Question: COSMIC vcf file compatibility for Mutect2
13 months ago
Limoges - CBRS - France
erwan.scaon410 wrote:

I am running a variant calling pipeline for cancer samples. It includes Mutect2. Working on human, i started with the reference & dbsnp files contained in the GATK bundle for hg38 ( Picked the following files : Homo_sapiens_assembly38.dict
Homo_sapiens_assembly38.fasta.gz dbsnp_146.hg38.vcf.gz dbsnp_146.hg38.vcf.gz.tbi

With Mutect2, you can feed a DB of known somatic variants using "--cosmic". Given that i started the pipeline with hg38 reference file, i picked the grch38 cosmic file ( From my understanding, hg38 <=> UCSC and GRCh38 <=> NCBI, but i thought it would be close/good enough.

Then, when i run Mutect2, i get the following error : "Input files cosmic and reference have incompatible contigs.

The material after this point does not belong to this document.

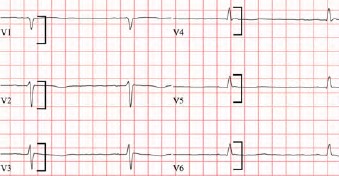 Junctional Escape Rhythm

Error details: The contig order in cosmic and reference is not the same"

I corrected chromosomes names (1->chr1, MT->chrM, etc...) in the CosmicCodingMuts.vcf file, then sorted it using Picard SortVcf. But i am still stuck with the same kind of error in Mutect2.

Question is : 1) How to modify the COSMIC.vcf to match hg38 reference ? 2) If 1) is not possible, where can retrieve compatible genome_ref + germline_snp + somatic_snp ?

cosmic mutect2 gatk vcf • 2.5k views
modified 11 months ago • written 13 months ago by erwan.scaon410
13 months ago
Limoges - CBRS - France
erwan.scaon410 wrote:

Ok, things are working for me, i did the following to make my "grch38" cosmic.vcf compatible with human genome reference hg38 (downloaded from GATK bundle) :

--- convert cosmic contigs names from "1" -> "chr1"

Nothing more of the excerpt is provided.